Comparison of the two self-report measures established that the SMPI provided greater discrimination than the depression severity measure, while comparison of the self-report and clinician-rated SMPI measures established the latter as more discriminating of clinically diagnosed melancholic or non-melancholic depression. ROC analyses favoured self-report SMPI distinction of melancholic from non-melancholic depression being most optimally calculated by a 'difference' score of at least four or more melancholic than non-melancholic items being affirmed (sensitivity of 0.69, specificity of 0.77). For the clinician-rated SMPI measure, ROC analyses confirmed the same optimal difference score of four or more as highly discriminating of melancholic and non-melancholic depression (sensitivity of 0.84, specificity of 0.92). As the difference score had positive predictive values of 0.90 and 0.70 (for the respective clinician-rated and self-report SMPI forms) and respective negative predictive values of 0.88 and 0.70, we conclude that the clinician-rated version had superior discrimination than the self-report version. External validating data quantified the self-rated and clinician-rated Index-assigned non-melancholic patients having a higher prevalence of anxiety disorders, a higher number of current and lifetime stressors, as well as elevated scores on several personality styles that are viewed as predisposing to and shaping such non-melancholic disorders.

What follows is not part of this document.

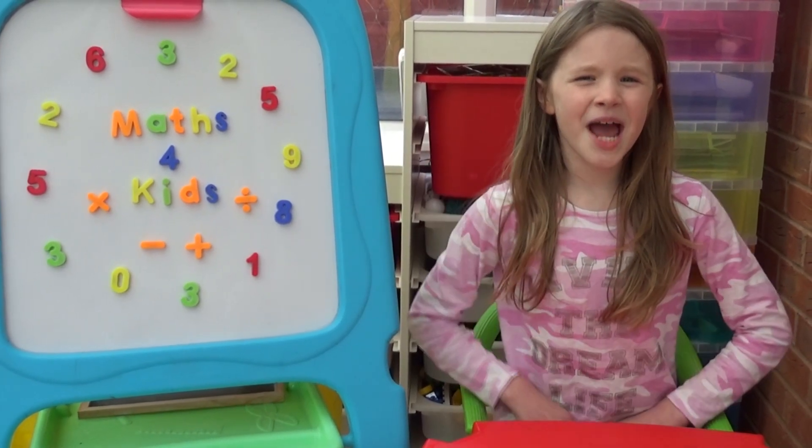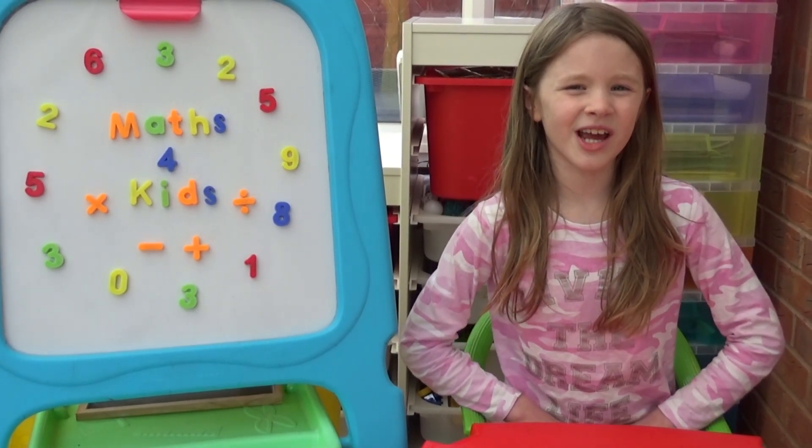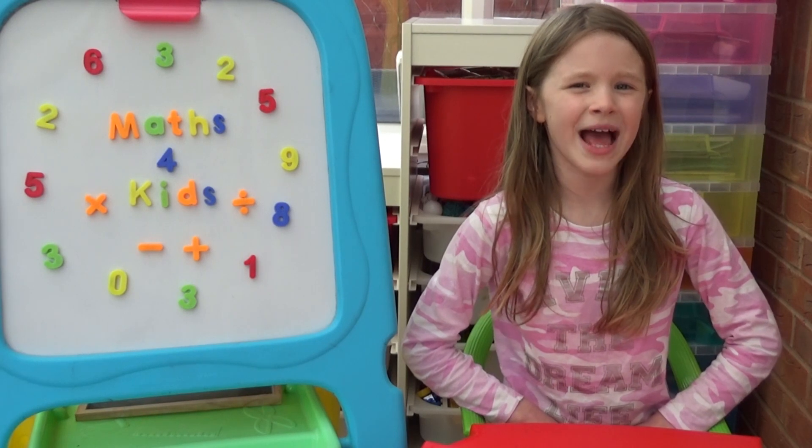Hi everyone, I'm Amber and today I'm going to show you how to play a game called Pairs of Ten.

Assigned melancholic and non-melancholic diagnoses were determined by clinician judgement, risking a circularity bias across diagnostic assignment and clinical weighting of melancholic and non-melancholic features. The robustness of the Index requires testing in primary and secondary levels of care settings.
The clinician-rated SMPI differentiated melancholic and non-melancholic depressed subjects at a higher level of confidence than the self-report SMPI, and with a highly acceptable level of discrimination. The measure is recommended for further testing of its intrinsic and applied properties.
忧郁症被定位为临床抑郁症的更严重表现形式,或者是一种独立的实体。支持后者的观点源于不同的因果因素和治疗反应,但在不同的临床特征方面尚未得到令人信服的证明。我们追求其典型的临床模式,以确定这是否可以推进其划分。
我们开发了一个 24 项的测量工具(现在称为悉尼忧郁症原型指数或 SMPI),包括 12 项忧郁症和 12 项非忧郁症的典型特征(包括症状和疾病相关因素)。在这项评估研究中,278 名在专门的情绪障碍诊所接受三级评估的患者在临床访谈前完成了自我报告的 SMPI 以及抑郁严重程度测量和全面评估计划,而评估临床医生在访谈后则完成了 SMPI 项目的临床医生版本。独立变量(诊断金标准)是临床医生对忧郁性或非忧郁性抑郁发作的判断。通过Receiver Operating Characteristics(ROC)分析四种操作 SMPI 自我报告和 SMPI 临床测量的策略,以及与抑郁严重程度测量的 ROC 分析比较,评估了判别性能。在每个测量的最佳判别得分的外部有效性是针对一系列临床变量进行测试的。
两种自我报告测量的比较表明,SMPI 比抑郁严重程度测量提供了更好的区分度,而自我报告和临床评估的 SMPI 测量的比较表明,后者更能区分临床诊断的忧郁症或非忧郁症抑郁症。ROC 分析赞成 SMPI 自我报告区分忧郁症和非忧郁症的最佳方法是至少有四个或更多的忧郁症项目被肯定,而不是非忧郁症项目(敏感性为 0.69,特异性为 0.77)。对于临床评估的 SMPI 测量,ROC 分析证实了相同的最佳差异评分(四个或更多)高度区分忧郁症和非忧郁症(敏感性为 0.84,特异性为 0.92)。由于差异评分的阳性预测值分别为 0.90 和 0.70(分别为临床评估和自我报告 SMPI 形式),阴性预测值分别为 0.88 和 0.70,我们得出结论,临床评估版本比自我报告版本具有更好的区分度。外部验证数据量化了自我评估和临床评估的指数分配的非忧郁症患者,他们更普遍患有焦虑障碍,当前和终身压力源更多,以及几种人格风格的评分更高,这些人格风格被认为是导致和塑造这种非忧郁症的原因。
分配的忧郁症和非忧郁症诊断是由临床医生判断决定的,这在诊断分配和临床对忧郁症和非忧郁症特征的重视方面存在循环偏见的风险。指数的稳健性需要在初级和二级护理环境中进行测试。
临床评估的 SMPI 比自我报告的 SMPI 更能自信地区分忧郁症和非忧郁症患者,具有高度可接受的区分度。该测量工具建议进一步测试其内在和应用特性。